O documento aponta, ainda, que ao longo dos anos 70, com a criação do Departamento de Vigilância e Investigação (DVI) da Cia Docas, comandado por um coronel reformado do Exército e por um investigador do Dops, “trabalhadores foram presos, humilhados e torturados nas instalações das Docas de Santos”. Dois anos depois, o Brasil foi considerado Campeão Mundial de Acidentes do Trabalho. Prêmio “vexatório” como reconhecia o próprio e ex-presidente Ernesto Geisel. “Os índices de acidentes na Cia Docas de Santos eram duas e até três vezes superiores aos índices nacionais. Eram tempos de terror”, aponta o Dossiê.
Segundo os pesquisadores, há documentos na denúncia que evidenciam que o controle do processo repressivo na Baixada Santista era feito por uma articulação entre militares e as Docas através de dois executivos.
“Há relatos que eles gravavam, informavam e distribuíam para a comunidade de informações, os atos públicos, reuniões sindicais e partidárias, sendo que muitos desses eventos foram realizados longe das instalações da empresa e sem envolvimento de seus trabalhadores”.
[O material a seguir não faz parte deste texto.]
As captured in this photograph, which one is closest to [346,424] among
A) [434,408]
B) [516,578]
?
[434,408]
Finalizando, o dossiê aponta que as Docas de Santos e a Codesp teriam colaborado com a Operação Condor. Uma aliança político-militar entre os vários regimes militares da América do Sul — Brasil, Argentina, Chile, Bolívia, Paraguai e Uruguai, com a CIA dos Estados Unidos, levada a cabo nas décadas de 70 e 80, criada com o objetivo de coordenar a repressão a opositores.